- _Your assignment_
Can the lines below, from the one that holds "Felpa donna cropped con cappuccio" to the very end, be echoed exactly, with both ends included and no pictures?
#### Source material ####
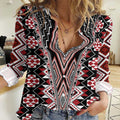Red Aotearoa Tukutuku and Poutama Motif Women Casual Shirt
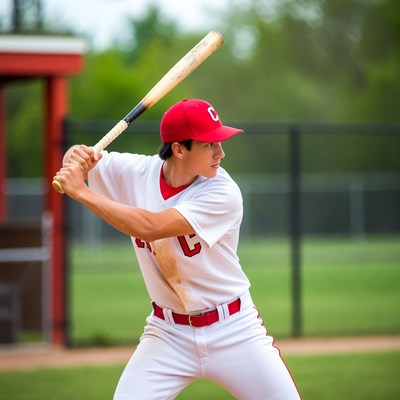 Asian boy swinging baseball bat
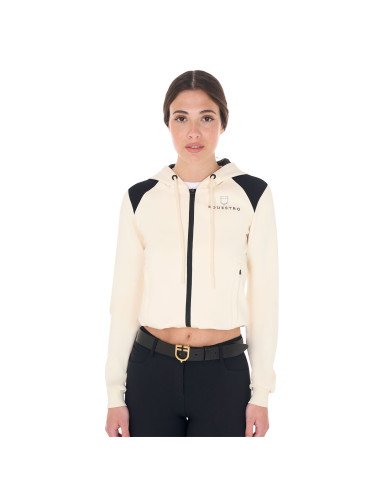 Felpa donna cropped con cappuccio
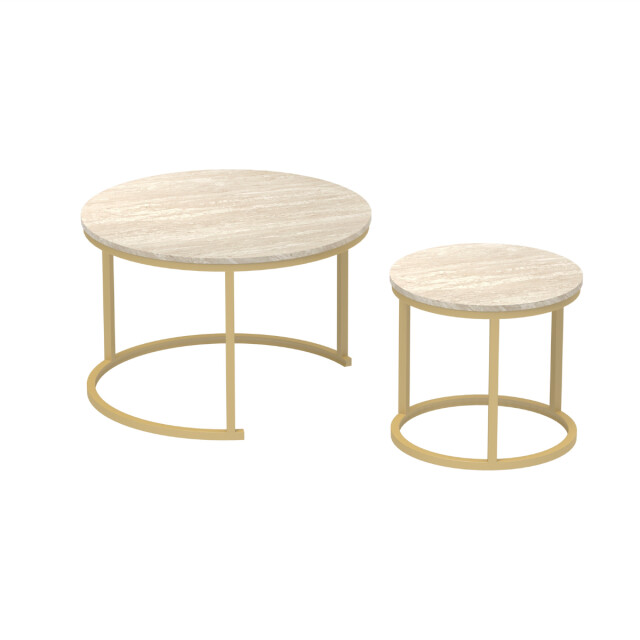 CaliCosy Set van 2 nestende ronde salontafels l70 cm 3218114 large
####
- _Solution to this problem_
 Felpa donna cropped con cappuccio
 CaliCosy Set van 2 nestende ronde salontafels l70 cm 3218114 large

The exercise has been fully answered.